Revealed Preference surveys face practical limitations basically associated with the high survey
costs, the difficulties in collecting responses for new transport services, the ambiguity of the choice set
(Ortúzar and Willumsen, 2011). Stated Preference data share the problem of hypothetical bias that is
the deviation from real market evidence (Hensher, 2010). This may happen due to the dependence of
the results on the capability of the researcher to conduct the survey and also the possibility that the
answer may not reflect the behavior that the respondent would adopt in a real situation. Indeed, it is
difficult to identity the decision-maker or makers in a firm. While existing approaches assume that
there is a unitary decision-making process just like in passenger surveys, when it comes to companies
there are diverse actors involved in the transport process coming from the procurement, production,
inventory, marketing or distribution department of the firm. They do not have control or knowledge of
all decisions made throughout the firm’s supply chain, especially when it comes to future decisions.
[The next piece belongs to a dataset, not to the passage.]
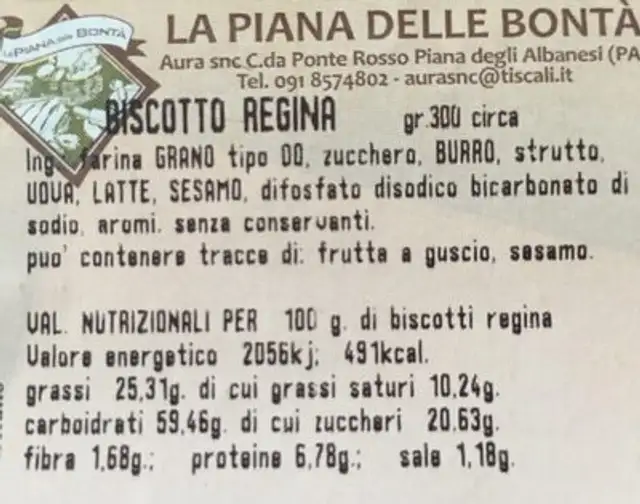 Biscotto Regina ingredients label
Therefore, the results of these methods are ambiguous since the same information if interpreted and
processed by a different decision rule will yield different decisions and therefore results.
3 RESEARCH METHODOLOGY
3.1 Systems Dynamics
Dynamic complexity makes it difficult to assert the effect of FTTS on transport demanding
companies. System Dynamics is a computer-aided approach for analysing and solving complex
problems with a focus on policy analysis and design. Initially introduced as Industrial Dynamics, the
field developed from the work of Jay W. Forrester at the Massachusetts Institute of Technology
(Forrester 1958, 1961). Industrial Dynamics was defined as the study of the information feedback
characteristics of industrial activity to show how organizational structure, amplification (in policies),
and time delays (in decision and actions) interact to influence the success of the enterprise.
Systems are modelled using flow rates and accumulations linked by information feedback,
forming loops and involving delays and non-linear relationships. Computer simulation is then used in
order to infer the time evolutionary dynamics endogenously created by such system structures. The
purpose is twofold: firstly to learn about their modes of behaviour and secondly to design policies that
improve performance. The essential viewpoint taken by System Dynamics is that feedback and delay
Int. Journal of Business Science and Applied Management / Business-and-Management.org
6
cause the behaviour of systems, i.e. that dynamic behaviour is a consequence of system structure
(Morecroft, 2015).
3.2 Developing the model
Freight transportation facilitates the processes of the procurement, the production and the delivery
of goods to their destination since it allows for the inbound transportation of production materials from
the supplier and the outbound transportation of finished goods to the customer. Freight transportation
performs an intermediary role in the internal and external supply chain providing the bridging function
between supply and demand for goods (Coyle et. al. 2010).
In this generic model a transport using company is considered that is part of a traditional supply
chain. Inventories are set according to demand information flowing upstream from the next tier of the
supply chain. For simplicity reasons we assume that the company follows a make to stock strategy and
tries to fulfill demand from current finished good inventory.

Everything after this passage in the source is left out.